In Scotland, there were 213 seizures of NPS (mephedrone and ketamine) by police forces in 2012/13[1]. This was around 1% of the overall number of Class B and C drug seizures in Scotland. NPS have been seized in most countries across the world, but there are regional variations. Most NPS originate from Asia, followed by Europe, the Americas, Africa and Oceania. The internet plays an important role in the supply of NPS, with 651 internet shops identified in Europe in 2013 (EMCDDA, 2014).

Health implications

Evidence is limited, but indications are that NPS can cause a range of physical and psychological symptoms (from kidney failure to psychosis) that are just as serious as for other illicit drugs and can even result in death. In Scotland, over the five years from 2009 (when the first figures became available) to 2013, NPS have been implicated in 132 deaths (less than 5% of the total number of drug related deaths over that period) and in 18 of these an NPS was the only drug implicated (less than 1% of the total number of drug related deaths). Drug treatment services in the UK are seeing increased presentations from people using NPS, and reports of problems related to their use.


Countries are responding to the growth in demand and supply of NPS, and associated harms, in three main ways: enforcement (i.e. through legal controls); prevention (i.e. trying to stop people taking them in the first place); and treatment (for those experiencing problems from taking NPS).

A range of different actions can be taken to place NPS under legal control. These include: adding new substances to the 1961 or 1971 UN Conventions; using the European Early Warning System (EWS) to identify NPS and place them under control; and various national measures which involve using consumer safety or medicines legislation, extending and adapting existing laws and processes, or devising new legislation for new substances. In the UK, the government has control of substances under the Misuse of Drugs Act 1971. If a drug is causing sufficient concern, the UK Government (following consultation with the Advisory Council on the Misuse of Drugs (ACMD)) can issue a Temporary Class Drugs Order for up to 12 months. The ACMD then has 12 months to investigate and recommend classification if they consider there is sufficient evidence. Although these measures may have worked to some degree in individual countries, they have left loopholes in the global control system which can be exploited by drug manufacturers.

Efforts are also now being made to reduce the demand for NPS by educating young people and implementing targeted prevention initiatives. For example, in Scotland information on NPS is provided on the Know the Score website and to school children through the Choices for Life initiative.

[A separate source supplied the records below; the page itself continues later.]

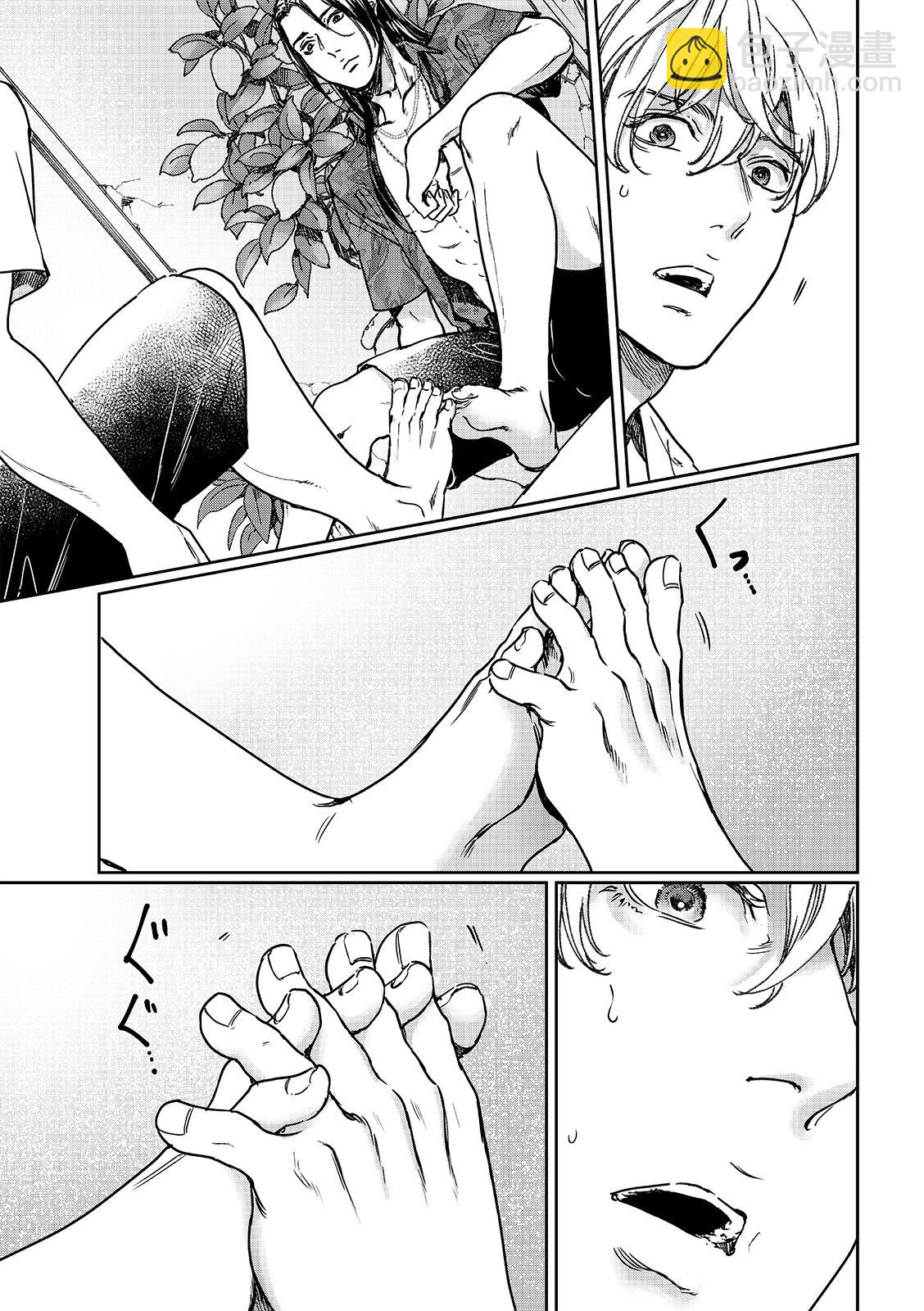 喜歡巨乳的我轉生到了BL界 - 第26話 - 1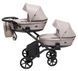 Коляска 2 в 1 для двойни Bair Kiwi DUO Soft BKD-455-1 капучино 2917329235 фото 3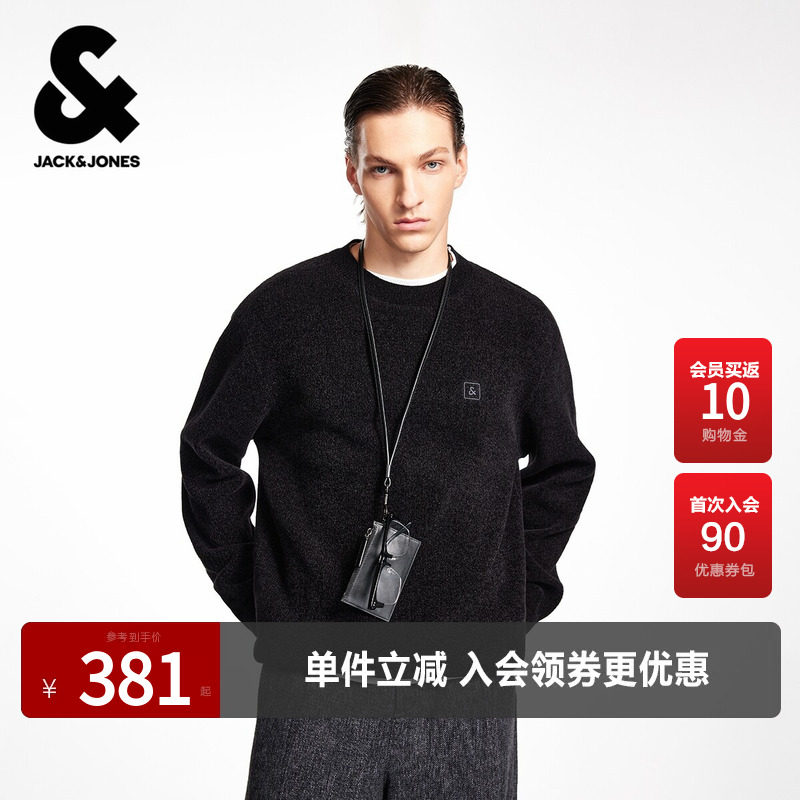 杰克琼斯男装春秋季新款多色舒适针织衫时尚潮流圆领套头宽松毛衣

To date treatment for NPS users who seek formal help is primarily supportive and there is limited information on what constitutes appropriate psychosocial treatment for this group.

Evidence gaps

The following are needed in order to inform future policy responses to NPS (both in Scotland and more widely):

  • A full assessment of what is known about the scale and patterns of NPS use.
  • Exploration of the nature of the relationship between the new drugs market and the established market in controlled drugs.
  • An examination of the short and longer term health impacts of using NPS, and other outcomes.
  • A systematic review of the outcomes of the various control systems.
  • Analysis of how current interventions to prevent substance misuse and harms may be used for NPS, and consideration of possible new approaches.
  • Evidence of what constitutes appropriate psychosocial treatment for NPS users.